# [What you have to do]
Write out a word-for-word repetition of the lines that come before the line containing "Assalamu alaykum, my" in the listing below, along with that line itself, omitting pictures.
**** Entries supplied ****
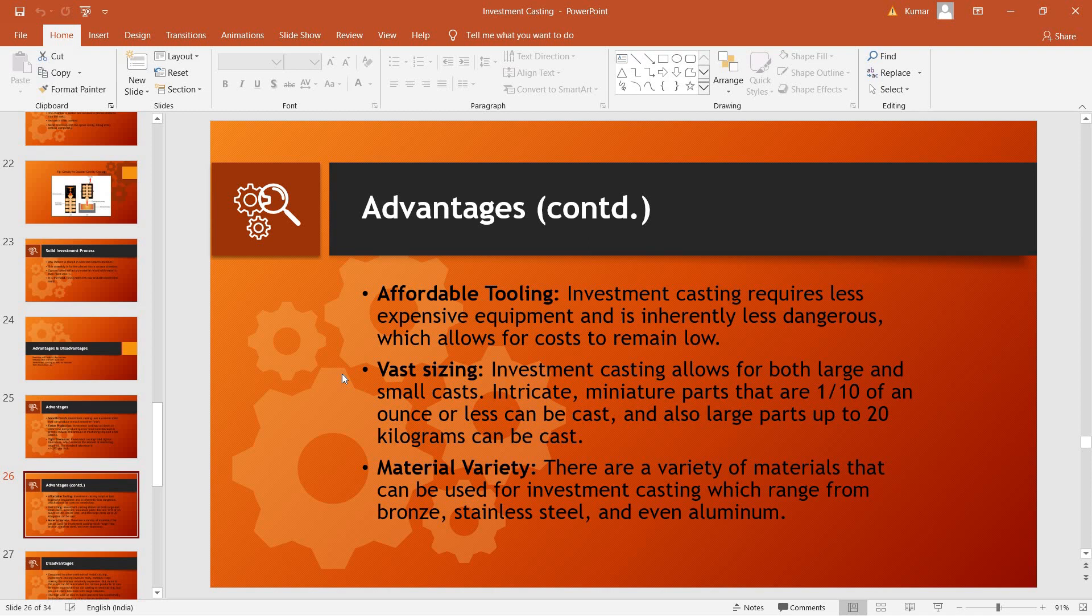Vast sizing, that is, a large variety of sizes can be cast using parts ranging from one-tenth of an ounce or even less and even parts as heavy as 20 kilograms. Also, a large variety of materials can be cast using investment casting, which can range from bronze, steel, and even aluminum.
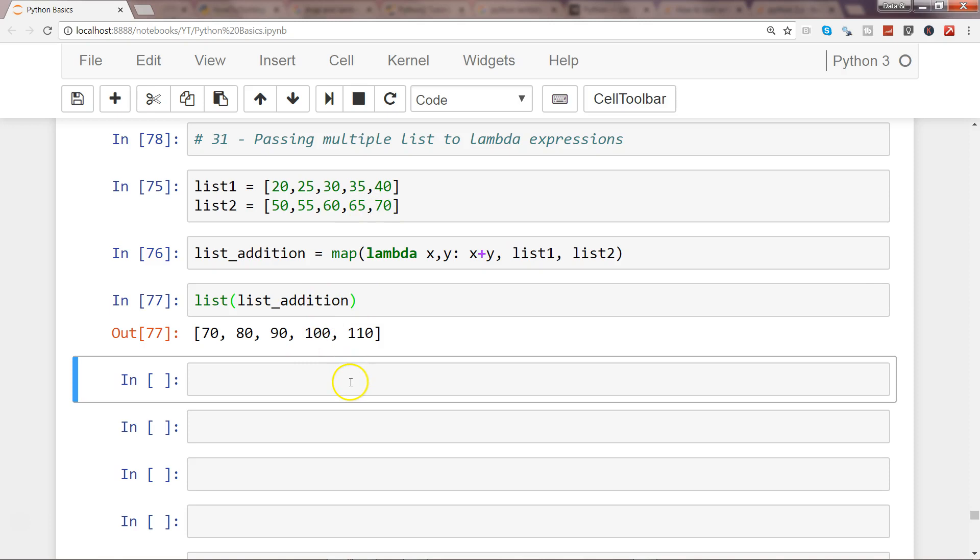So that's about it - how you can pass multiple lists within the map function, process them using the lambda expression, and finally show the output. I'll meet you in the next video with a new topic.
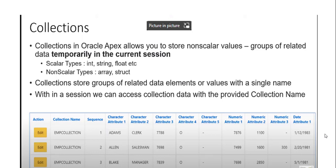Assalamu alaykum, my name is Shahjul Khan, and today we discuss about collections in Oracle APEX — what collections are and how to use them.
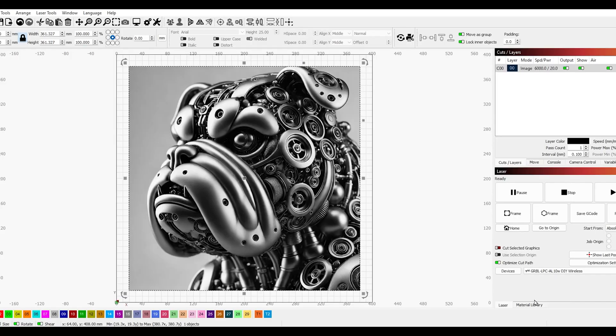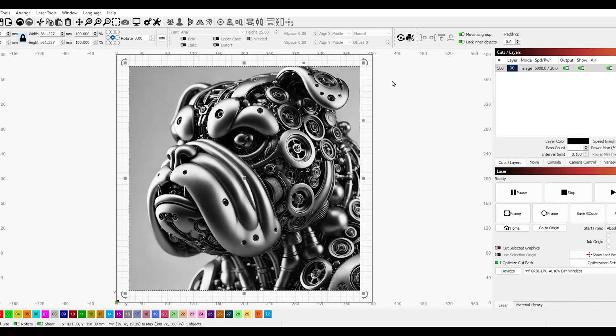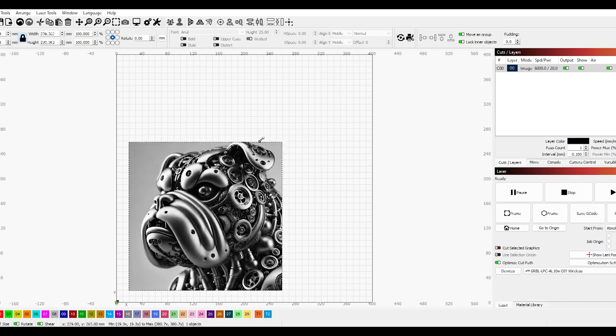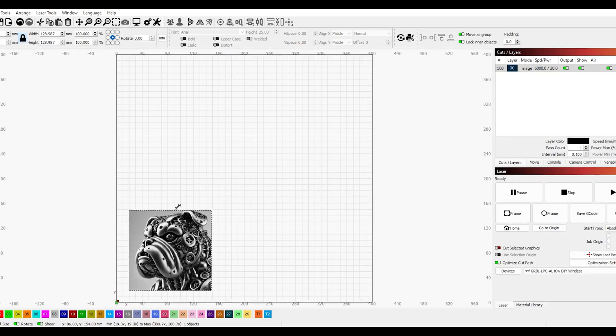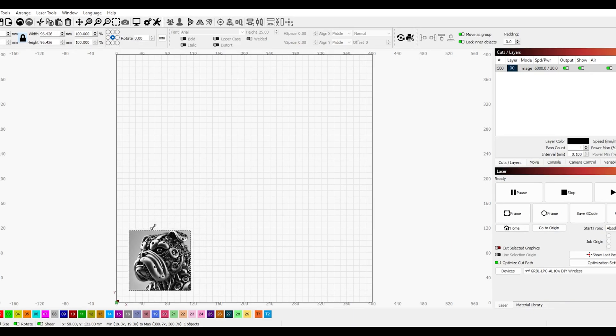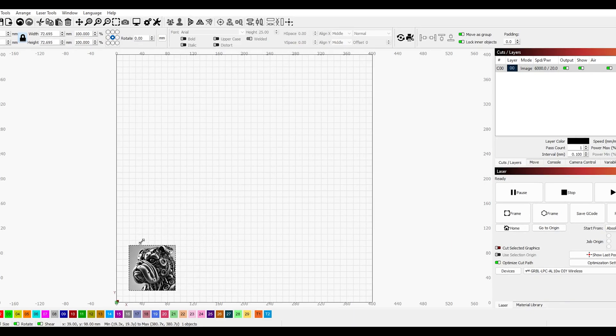Now I'm going to import a JPEG image into Lightburn, resize it, get my settings for engraving and also again to cut out the image when it's finished.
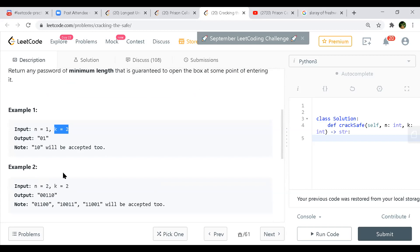Basically they are looking for a sequence of all the numbers we can form with those K digits.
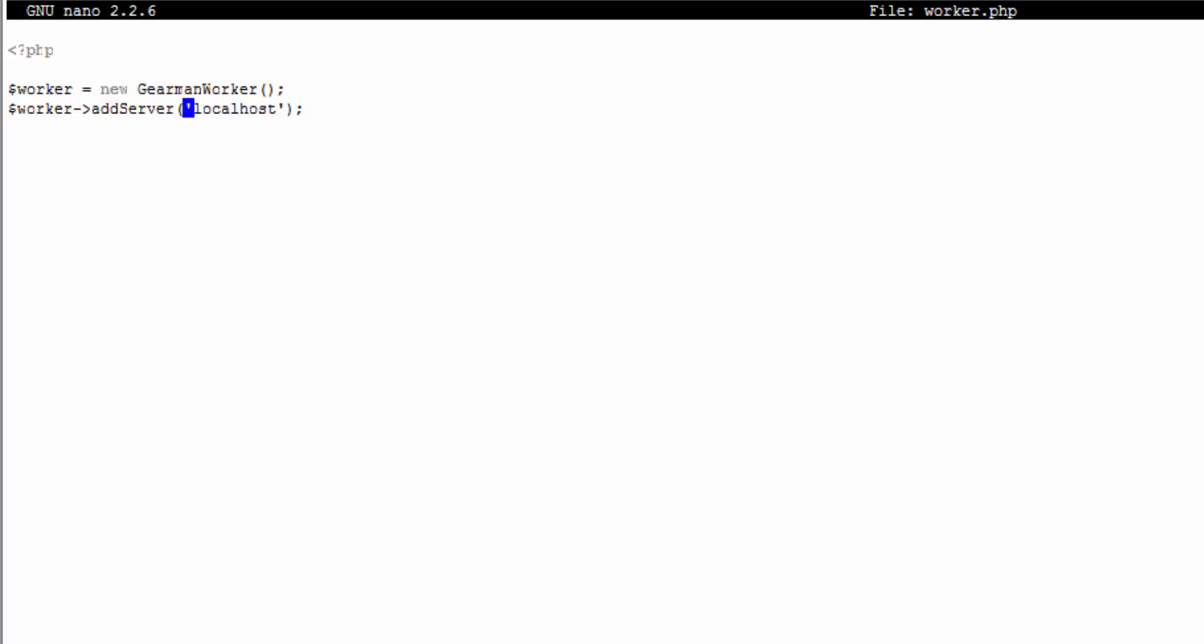We have our addServer and now we're going to add our function. This is going to be a very basic Gearman. I'll do another video on how to do a more advanced Gearman where you can actually add in multiple tasks and fire them all at once. This is going to be a synchronous task. So worker addFunction, we're going to add in a function named reverse.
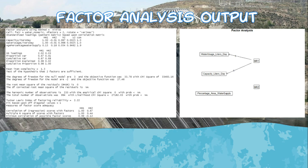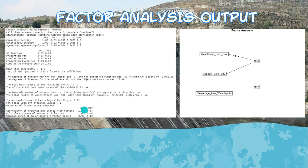Uniqueness (U2) represents the proportion of variance not explained by these factors. Capacity and water usage have incredibly low uniquenesses, indicating most of their variance is explained by the factors. The sum of squared loadings, proportion factors, cumulative variance, and cumulative proportions are also shown. The root mean square of residuals (RMSR) is 0, indicating a good model fit. The Tucker Lewis Index (TLI) is 2.12, which is unusually high, indicating potential issues with the model due to the small number of variables.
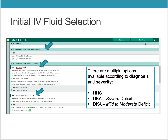The initial IV fluid selection has multiple options available according to the diagnosis and severity. There are IV fluid solutions for HHS replacement, for DKA initial therapy replacement, and for DKA in mild to moderate deficit versus DKA in a severe deficit.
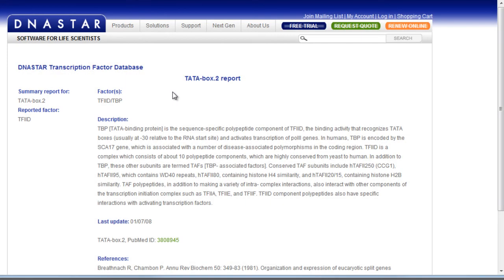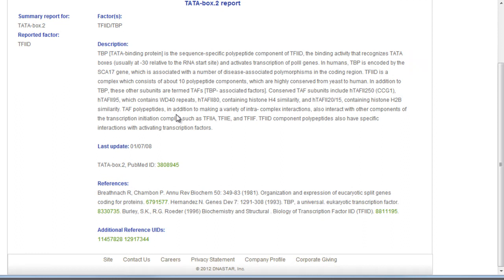You can also see detailed information about a transcription factor by selecting a pattern, then going to Sites and Features, Lookup Site, Description. This will open the DNA Star transcription factor database in your web browser, where you can read about the transcription factor description and PubMed references.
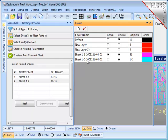Well that's it. That concludes the demonstration of the rectangular nesting found in Visual Mill in release 2012. Thank you.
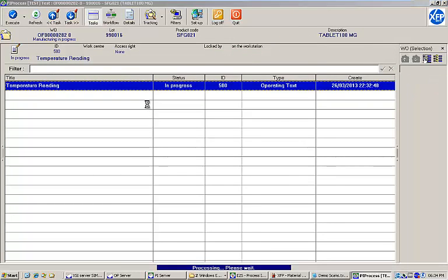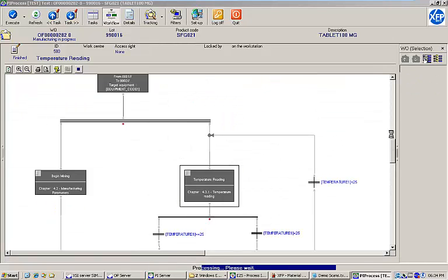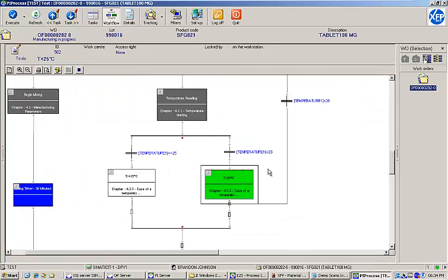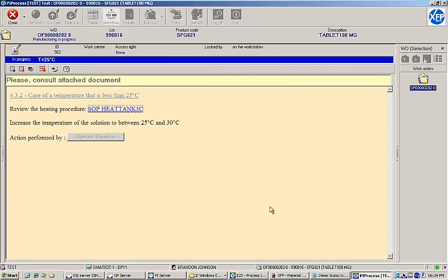Based on the temperature value that I recorded, the EBR execution has taken the right-hand path. This task instructs me to follow the heating procedure to increase the temperature of the solution to between 25 and 30 degrees Celsius. I'll review the procedure and provide a signature.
****
# [Response below]
Vast sizing, that is, a large variety of sizes can be cast using parts ranging from one-tenth of an ounce or even less and even parts as heavy as 20 kilograms. Also, a large variety of materials can be cast using investment casting, which can range from bronze, steel, and even aluminum.
So that's about it - how you can pass multiple lists within the map function, process them using the lambda expression, and finally show the output. I'll meet you in the next video with a new topic.
Assalamu alaykum, my name is Shahjul Khan, and today we discuss about collections in Oracle APEX — what collections are and how to use them.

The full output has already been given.